Monday, February 1, 2021

Moral Values and Virtues in Ramayana

 Ramayana, literally ‘The History of Rama’, is revered as a holy scripture by some people while the others consider it as a mere literary work that boisterously depicts heroism and eventually deifies an imaginary character called ‘Rama’- the principal character of the epic.


Whether or not one regards the epic of Ramayana as a holy scripture, it does convey innumerable moral values and virtues.  If a human being imbibes and adopts those moral values and virtues, it would certainly make him/her unique and above board. So, now let us temporarily set aside our personal opinions on Ramayana and discuss those moral values and virtues that are worth imbibing and adopting in our daily lives.


Rama is introduced in the epic as the oldest of the four Kshatriya Princes born to King Dhasaratha of Ayodhya through his first Queen Kausalya.  Kaikeyi, the second Queen of King Dasaratha bore him Bharatha and Sumithra, the third and the most favourite Queen of King Dhasaratha bore him the twins, Lakshmana and Shatrughna. 


The most peculiar thing that is ubiquitous in the epic of Ramayana is the depiction of the impeccable love between the step siblings.  Lakshmana and Shatrughna, albeit twins, share a unique, inseparable bonding with their step siblings, rather than the one between them.  Lakshmana is inseparable from Rama.  So is Shatrughna from Bharatha.  This very pristine love between the two pairs of step siblings conveys one of the highest human virtues, which is, the selflessness.  Selflessness, by itself, is believed to be one of the manifestations of Divinity.


As Dhasaratha becomes old, he decides to make Rama as his successor to the throne of Ayodhya.  Rama, the unadulterated, infallible Prince of King Dhasaratha was loved and adored by every subject of the kingdom.  The news of Rama’s impending crowning kicked off exuberance in the entire kingdom.  Just on the eve of his crowning amidst exuberance in the entire kingdom, Rama is being informed with a heavy heart by his father Dasaratha, in order to keep up two of the promises that he had earlier made to his second Queen, Kaikayei, that Rama has to abdicate his Princely life and lead the life of an ascetic for the next fourteen years in a forest.  Also, Rama is informed that Bharatha, the son of Kaikeyi, will become the successor of Dasaratha.

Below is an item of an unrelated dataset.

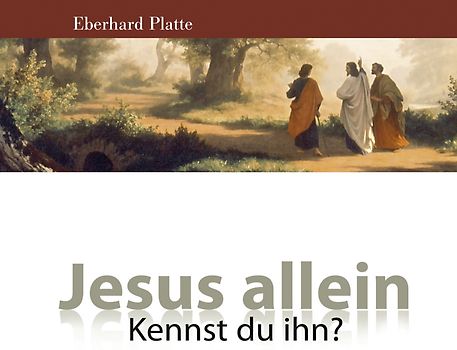 Jesus allein – Kennst du ihn?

Quite contrary to the normal human behaviour of retorting or revolting such an unfortunate decision made by the father, Rama, the Deified hero of the epic, whole heartedly accepts the decision of his father with unwavering composure and with a smile.  He instantaneously moves ahead to abdicate the Princely life and sets off to the forest to lead the life of an ascetic.  He is accompanied in that quest by his obedient, chaste, wife Seetha and by his beloved brother Lakshmana.  Such an act of Rama expresses the other virtue of complete obedience to the parents.


When Bharatha learns all the conspiracies leashed out by his mother, Kaikeyi, against Rama, he becomes crestfallen and scornfully scolds his mother.  He visits the harem of his step mother, Kausalya, and begs her pardon for all the wrongdoings of his mother.  He immediately sets off to the forest with the belief that he could console his beloved brother, Rama, and get him back to Ayodhya and enthrone him as the King. 


However, iron willed Rama ends up consoling Bharatha and sends him back to Ayodhya to fill the lacuna that was created by the sudden death of King Dhasaratha.  Bharatha, one of the lovable brothers of Rama, is also equally iron willed.  He agrees to obey the orders given to him by his amenable brother Rama.  However, he goes back to Ayodhya carrying on his head the pair of sandals that were adoring the feet of his dear brother, Rama.  There in the kingdom, the actual seat of the Majestic King of Ayodhya was adorned by the sandals of Rama.  Bharatha chooses to serve as the proxy King of Ayodhya until Rama goes there back after fourteen years of exile.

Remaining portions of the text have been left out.